Rejet massif du « choc des savoirs » : discutons de la grève pour le bloquer

     Lors du Conseil Supérieur de l’Éducation du 8 février, 6 textes sur le « choc des savoirs » ont été présentés. La FNEC FP-FO a voté contre l’ensemble des textes, comme la grande majorité des membres du CSE.

Ce « choc contre les savoirs » s’inscrit dans la continuité et dans l’aggravation des contre-réformes menées ces dernières années. Après la réforme du collège de 2015 et celle du lycée de 2018, qui ont supprimé des milliers d’heures disciplinaires, après le baccalauréat Blanquer et « Parcoursup », véritables machines à déqualifier la jeunesse, le « choc des savoirs » franchit une étape supplémentaire dans la destruction de l’École publique : moins d’enseignements, plus de déréglementation…

« Choc des savoirs », « Parcoursup », « Réforme de la voie pro », « SNU » : un même objectif, parachever la destruction de l’École publique

En outre, cette réforme transformerait le collège en machine à trier les élèves en organisant les cours de mathématiques et de français en groupe de niveaux et en conditionnant l’accès direct au lycée par la mise en place de prépas lycées 2de en LGT ou LP.

Dans la logique de la réforme de la voie professionnelle, des stages en entreprises en fin de 2de et de la généralisation du Service National Universel, il s’agit pour le gouvernement d’orienter des millions d’élèves vers l’exploitation patronale ou l’embrigadement dès leur plus jeune âge.

En remettant en cause le droit à l’instruction pour tous, le gouvernement sait ce qu’il fait : pousser les familles qui le pourront à choisir le privé plutôt que le chaos.

Mise en place des groupes de niveau au collège

Ce projet va maltraiter une génération entière de collégiens. Sortir les élèves du groupe, supprimer les classes, confronter les enfants à un changement perpétuel de camarades est source de mal-être, comme c’est le cas pour les lycéens suite à la réforme du lycée. Ce tri des élèves en organisant les cours de mathématiques et de français en groupes de niveaux va évidemment accroître les inégalités.
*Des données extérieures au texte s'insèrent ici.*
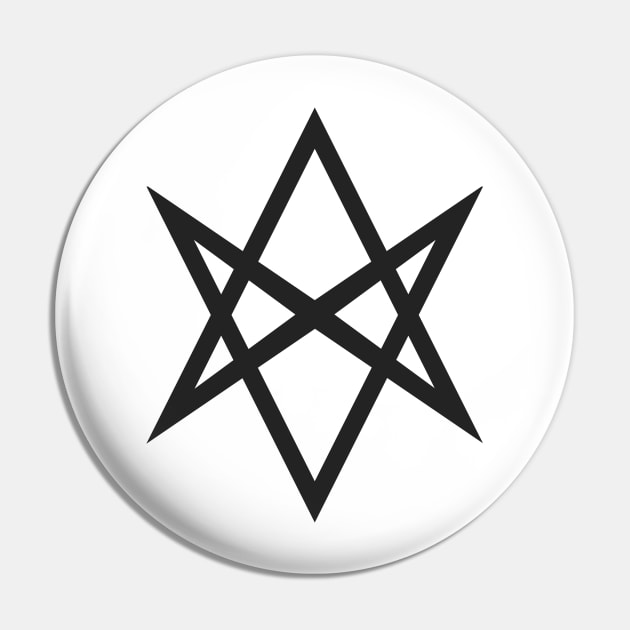 Aquarian Star (Supernatural) Pin by n23tees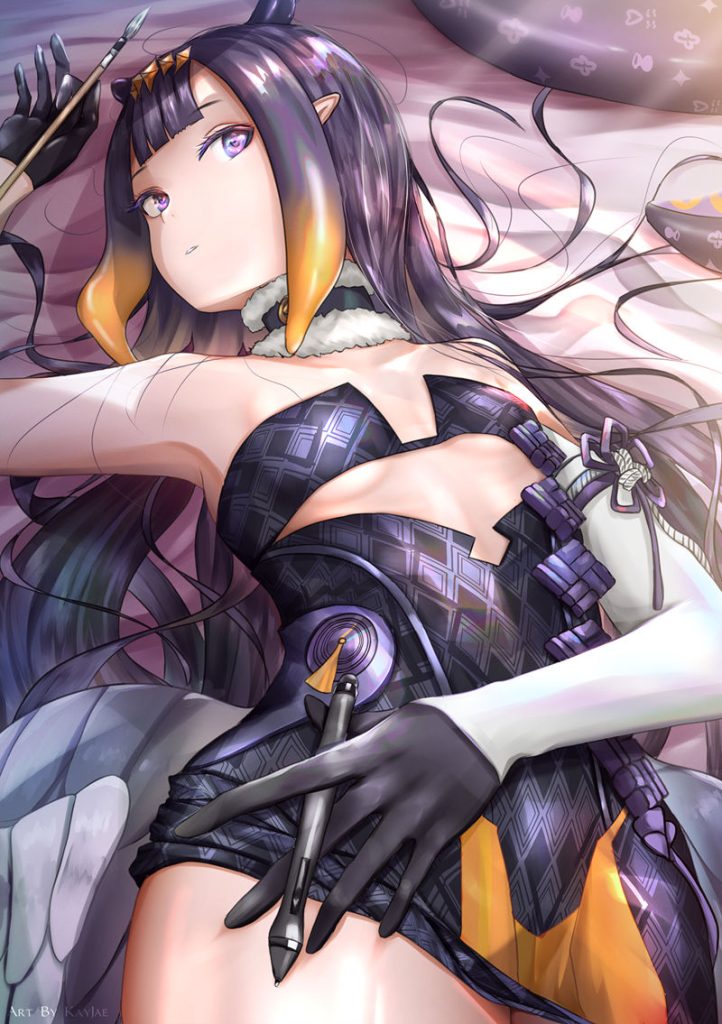 图片[3] - [KayJae(KayJae24)]Pixiv+推特图片包[501P] - 幻域写真 - cosplay高清美图分享平台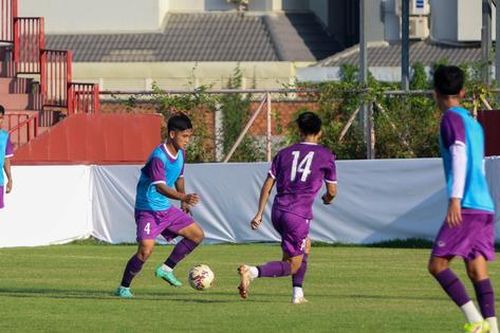 Nhận định, dự đoán U23 Việt Nam và U23 Singapore, 19h00 ngày 19/2: Thắng lợi mở màn
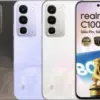 realme Indonesia resmi menghadirkan lini terbaru realme C100 Series ke pasar Indonesia.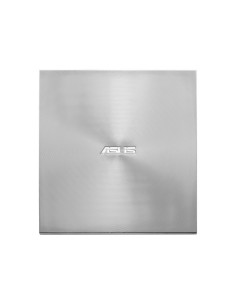 REGRABADORA EXTERNA ASUS SDRW-08U9M-U/SIL/G/AS/P2G SLIM RETAIL SILVER (COMPATIBLE M-DISC) 2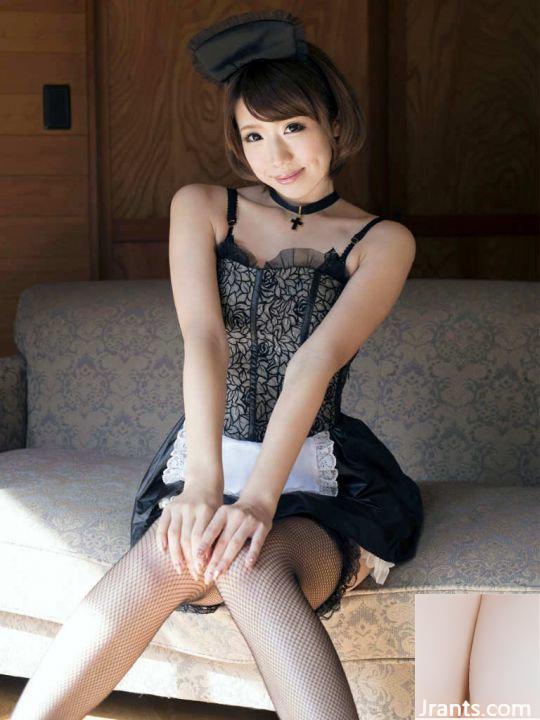 Seira Matsuoka (29P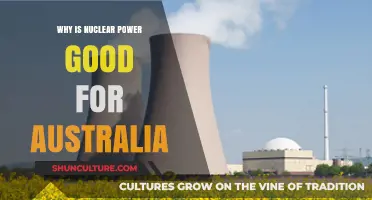 Nuclear Power: Australia's Clean, Reliable Energy Future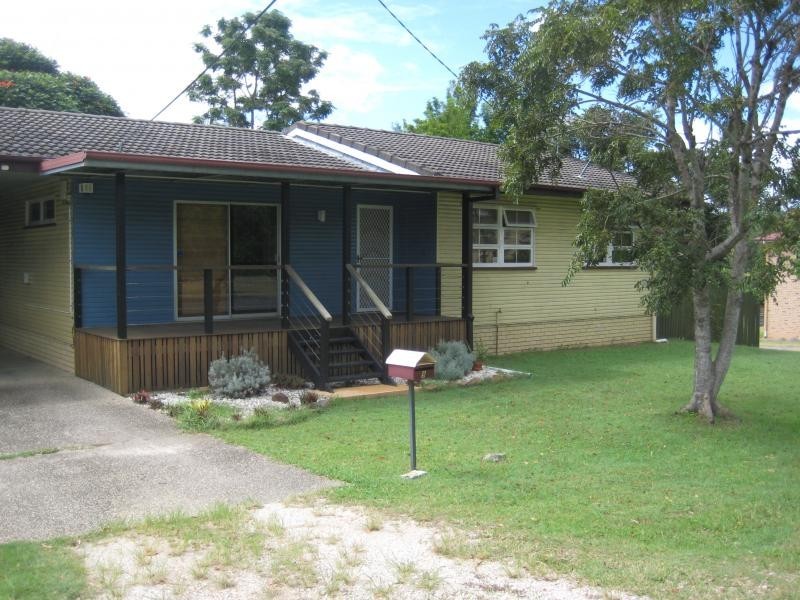9 Hefferan St, North Ipswich QLD 4305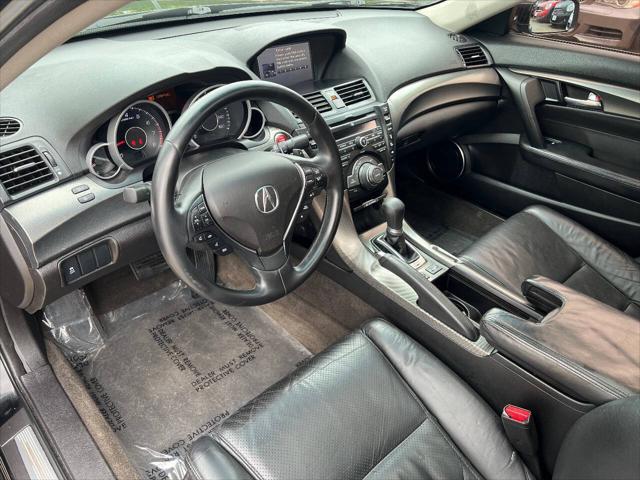 used 2014 Acura TL car, priced at $14,990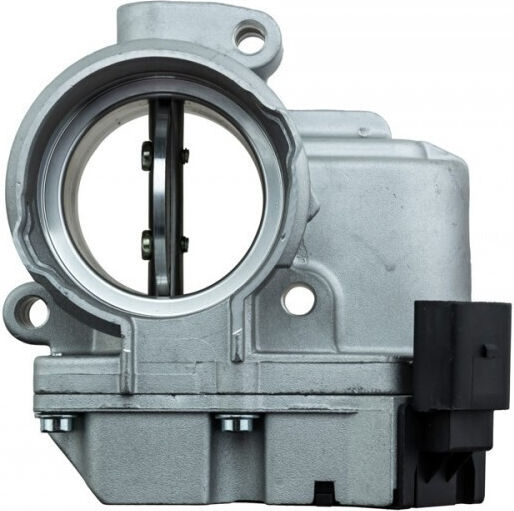 Throttle Body Audi A2 2000-2005 1.4l Hatchback Seat Cordoba 2002-2009 1.4l Sedan Skoda Fabia I 1999-2008 1.4l Hatchback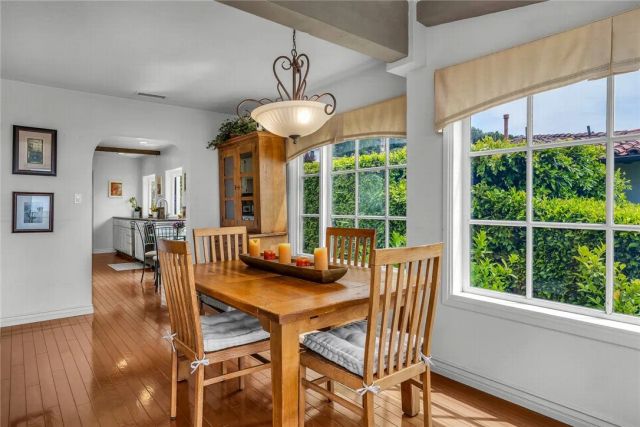 1613 Via Lazo, Palos Verdes Peninsula, CA 90274
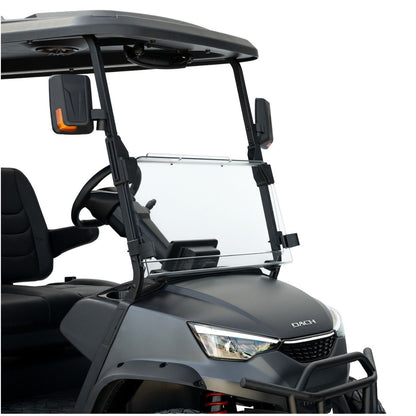 MODZ® Windshield for Dach Apollo - Clear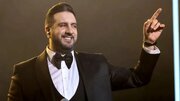 امید حاجیلی: بروسلی جد من بود!+ ببینید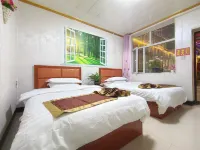 Ulan Laishun Family Apartment
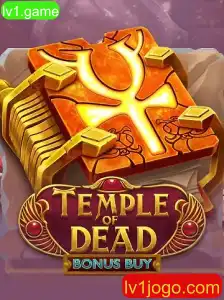 Descobrindo as Aventuras de Temple of Dead Bonus Buy na Era Digital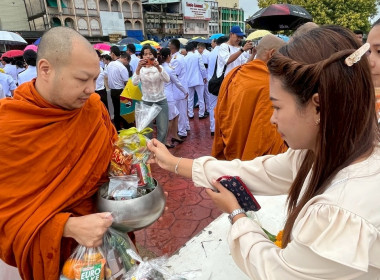 กิจกรรมเฉลิมพระเกียรติ ... พารามิเตอร์รูปภาพ 6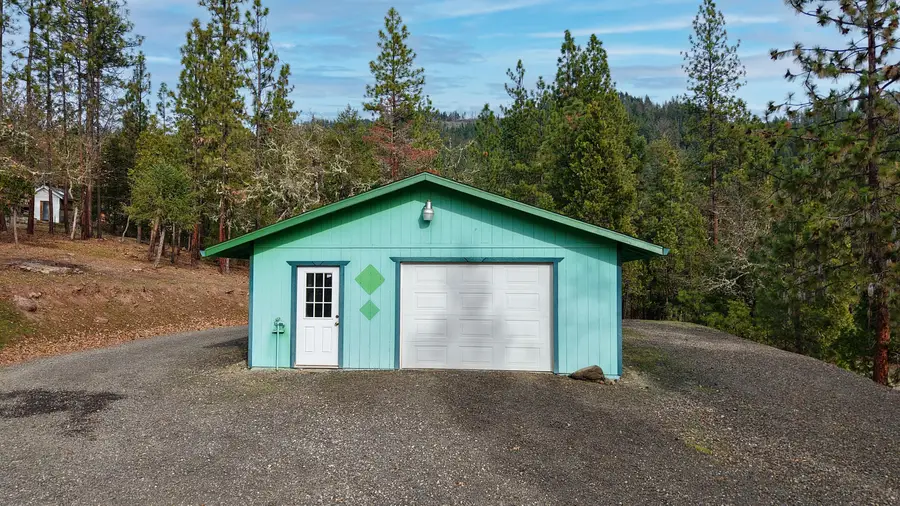 204 Shipley Terrace, Prospect, OR 97536 - #3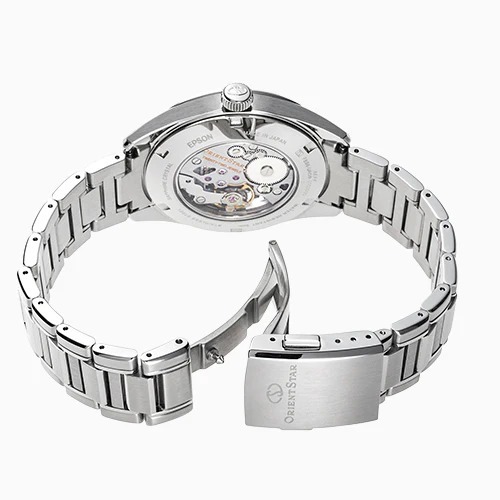 M34 F8 Skeleton RE-AZ0101N00B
Créer ces groupes de niveau est en soi catastrophique. Couplé avec les moyens qui manquent partout, cela entraîne des effectifs toujours plus chargés dans les classes et dans les groupes. La prétendue souplesse par établissement pour mettre en place cette réforme dont personne ne veut n’est qu’une manière de laisser la responsabilité de la gestion de la pénurie aux chefs d’établissement.

En même temps, ce décret maltraite les enseignants :

  • les enseignants de technologie traités avec mépris, leur discipline étant supprimée en 6e l’année dernière pour la remplacer par le dispositif de soutien et d’approfondissement voué à disparaître l’an prochain pour créer des groupes de La suppression totale de cette heure d’enseignement faisant passer de 26 à 25h d’enseignement en 6e est inacceptable ;
  • les enseignants de lettres classiques qui voient encore leur volume hebdomadaire réduire d’une heure en 4e et en 3e ;
  • les enseignants d’arts plastiques, de musique, de LV2 dont les disciplines en particulier deviennent des variables d’ajustement ;
  • les enseignants de SVT, de physique, de technologie encore eux, qui voient les derniers dédoublements supprimés, ce qui empêche toute manipulation ;
  • les enseignants de mathématiques et de français, évidemment, privés d’enseigner à des classes, d’enseigner à des élèves qu’ils connaissent vraiment, privés de leur liberté pédagogique et privés d’être professeur principal dans des conditions correctes. Dans les petits établissements, les postes à complément de service, parfois sur des établissements éloignés se multiplient pour mettre en place les groupes en barrette.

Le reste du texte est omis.